Framebuffer Management

Framebuffers are allocated dynamically (blur.cpp:843-873):
for (size_t i = 0; i <= m_iterationCount; ++i) {
    auto texture = GLTexture::allocate(textureFormat, 
                                       BBDX::getTextureSize(backgroundRect, i));
    texture->setFilter(GL_LINEAR);
    texture->setWrapMode(GL_CLAMP_TO_EDGE);
    
    auto framebuffer = std::make_unique<GLFramebuffer>(texture.get());
    // Store in renderInfo.textures and renderInfo.framebuffers
}
  • Framebuffer 0: Contains unblurred background (cache)
  • Framebuffers 1-N: Downsampled textures at 1/2, 1/4, 1/8, 1/16 size
  • Textures match render target format (usually GL_RGBA8)

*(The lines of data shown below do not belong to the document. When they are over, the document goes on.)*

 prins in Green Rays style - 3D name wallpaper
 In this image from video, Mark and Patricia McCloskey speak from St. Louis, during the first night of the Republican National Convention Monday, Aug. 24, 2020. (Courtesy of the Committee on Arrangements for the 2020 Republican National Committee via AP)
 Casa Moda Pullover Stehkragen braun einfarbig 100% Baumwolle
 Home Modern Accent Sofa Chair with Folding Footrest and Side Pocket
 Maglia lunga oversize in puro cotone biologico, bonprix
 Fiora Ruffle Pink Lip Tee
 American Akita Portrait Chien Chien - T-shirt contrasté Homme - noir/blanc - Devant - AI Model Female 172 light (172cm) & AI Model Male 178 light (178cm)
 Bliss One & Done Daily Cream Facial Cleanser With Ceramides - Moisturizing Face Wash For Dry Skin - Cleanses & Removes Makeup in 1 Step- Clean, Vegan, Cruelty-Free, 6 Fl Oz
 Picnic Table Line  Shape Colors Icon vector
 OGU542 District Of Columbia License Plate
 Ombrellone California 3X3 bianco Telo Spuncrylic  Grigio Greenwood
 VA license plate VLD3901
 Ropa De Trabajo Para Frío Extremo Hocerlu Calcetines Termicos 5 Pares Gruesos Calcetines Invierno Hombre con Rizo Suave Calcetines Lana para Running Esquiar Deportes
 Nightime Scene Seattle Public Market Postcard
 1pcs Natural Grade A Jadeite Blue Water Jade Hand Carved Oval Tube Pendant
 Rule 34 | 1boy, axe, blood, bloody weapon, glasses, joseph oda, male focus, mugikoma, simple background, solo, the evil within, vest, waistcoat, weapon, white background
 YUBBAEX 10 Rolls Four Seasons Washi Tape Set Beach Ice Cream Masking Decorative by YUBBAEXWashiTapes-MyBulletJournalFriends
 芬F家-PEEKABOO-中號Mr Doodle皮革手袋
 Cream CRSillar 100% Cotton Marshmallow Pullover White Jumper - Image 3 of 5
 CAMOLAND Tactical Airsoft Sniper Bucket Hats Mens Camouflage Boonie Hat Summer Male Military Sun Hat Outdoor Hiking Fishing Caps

Performance Characteristics

Texture Samples per Pixel

  • Downsample: 5 samples × m_iterationCount iterations
  • Upsample: 8 samples × (m_iterationCount - 1) iterations
  • Onscreen: 8 samples
  • Noise: 1 sample (if enabled)
Example (blur strength 7, 2 iterations):
  • Downsample: 5 samples × 2 = 10
  • Upsample: 8 samples × 1 = 8
  • Onscreen: 8 samples
  • Total: ~26 texture samples
Compare to Gaussian blur: 100+ samples for similar quality!

Memory Usage

Framebuffer memory per window (assuming 1920×1080 RGBA8):
  • Iteration 1: 960×540 × 4 bytes = 2.07 MB
  • Iteration 2: 480×270 × 4 bytes = 0.52 MB
  • Iteration 3: 240×135 × 4 bytes = 0.13 MB
  • Iteration 4: 120×67 × 4 bytes = 0.03 MB
  • Total: ~2.75 MB per blurred window
Framebuffers are cached per RenderView and only reallocated when window size, iteration count, or texture format changes.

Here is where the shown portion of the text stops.